Text to image generator using a pre-trained model

2 min readJun 2, 2024

Text-to-image generators have gained significant popularity recently, with many enthusiasts eager to experiment with this fascinating technology. In this blog post, I will guide you through the process of creating your own text-to-image generator using a pre-trained model that is freely available.

Before running the code, change the runtime type to GPU.

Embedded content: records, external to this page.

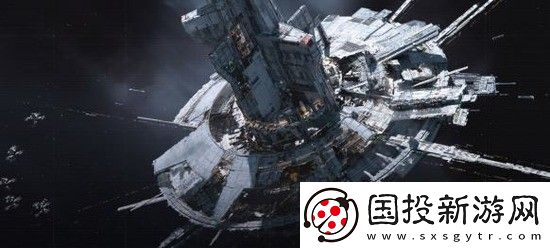 无尽的拉格朗日逆向拆解技术如何获取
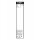 BOSCH 3 397 014 877 Wischblatt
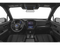 2025 Subaru Forester Base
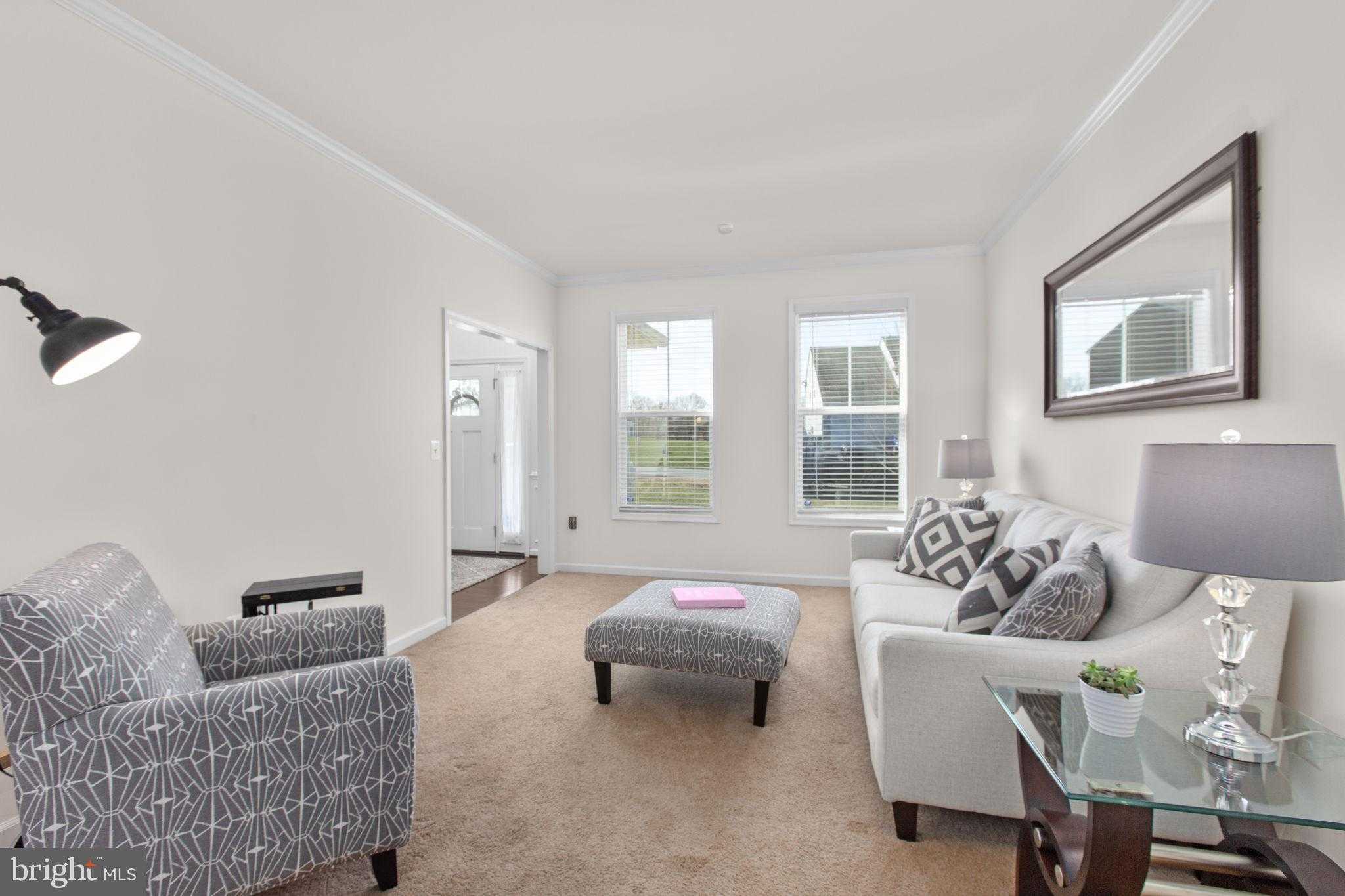 121 Hartwood Landing Ln photo 7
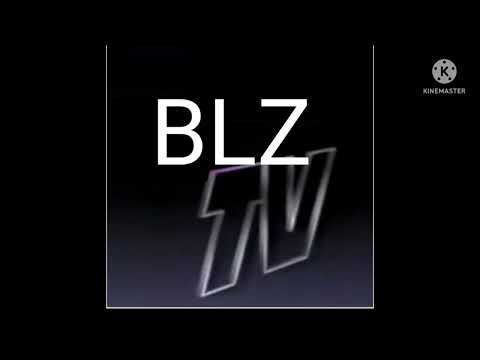 BLZTV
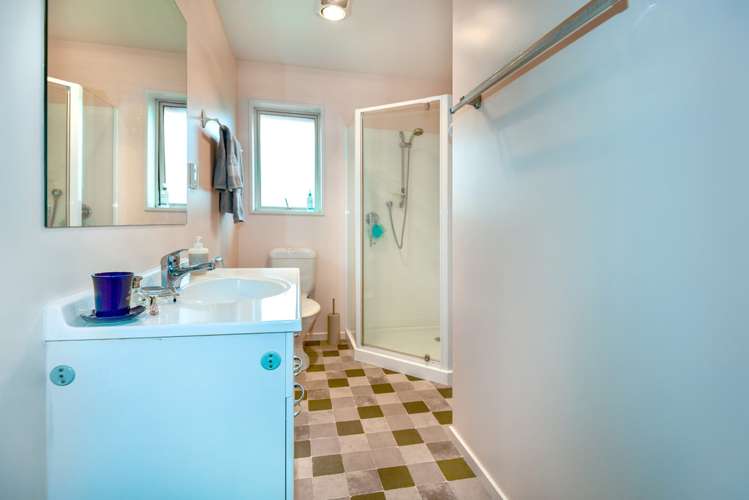 1/446 Ferry Road Woolston_9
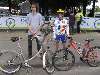 Fête du Vélo - Paris - 6 juin 2009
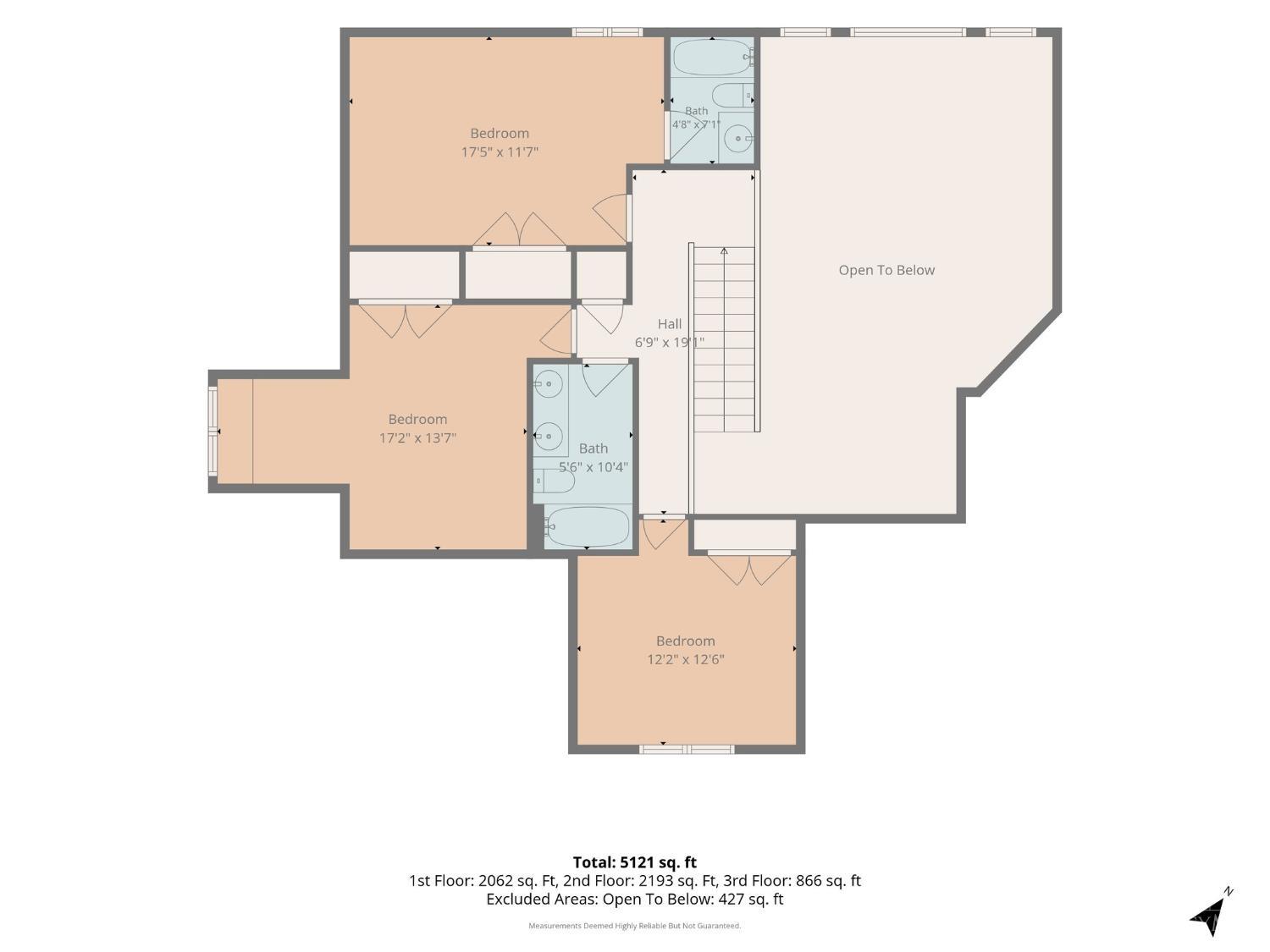 2026 Plumb Lane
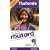 Tha�lande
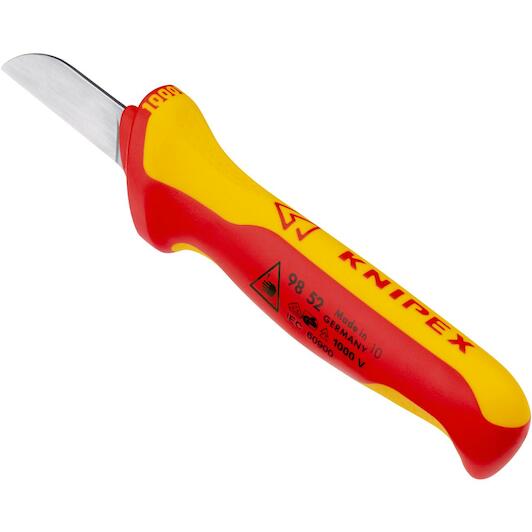 knipex_9852_2
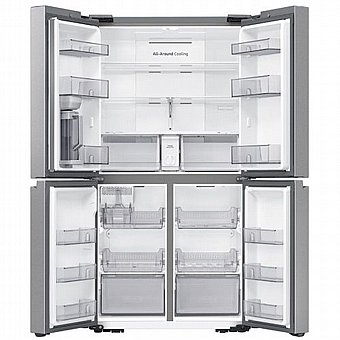 ���� ������ ����� Samsung RF62C7058SR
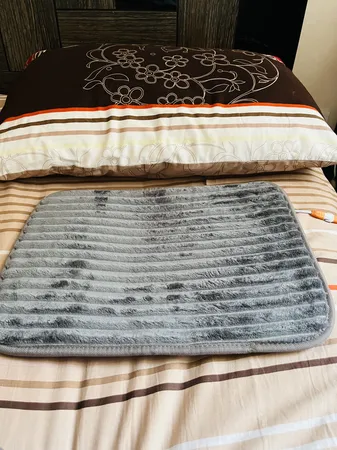 تشک برقی نیولایف مدل 35x45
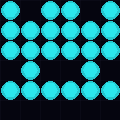 49.205.167.79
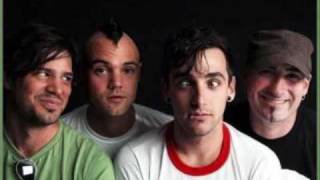 Alison Wonderland - Hedley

Install Requires Libraries

!pip install diffusers --upgrade: Upgrades the diffusers library to the latest version.
!pip install invisible_watermark transformers accelerate safetensors: Install additional libraries required for the model.
pip install torch torchvision torchaudio: Installs PyTorch and related libraries.

Import the model

import torch: Imports the PyTorch library.
from diffusers import DiffusionPipeline: Imports the DiffusionPipeline class from the diffusers library.

Load the model

DiffusionPipeline.from_pretrained("stabilityai/stable-diffusion-xl-base-1.0"): Loads the Stable Diffusion model from the specified repository.
torch_dtype=torch.float16: Uses 16-bit floating-point precision for the model.
use_safetensors=True: Uses the safetensors format for loading the model.
variant="fp16": Specifies the variant of the model to use.

Move the model to GPU

pipe.to("cuda"): Moves the model to the GPU for faster computation.

Generating image

prompt = "a man riding a horse on the moon": Defines the text prompt that describes the image to be generated.
pipe(prompt=prompt): Generates images based on the provided prompt.
.images[0]: Extracts the first generated image from the result.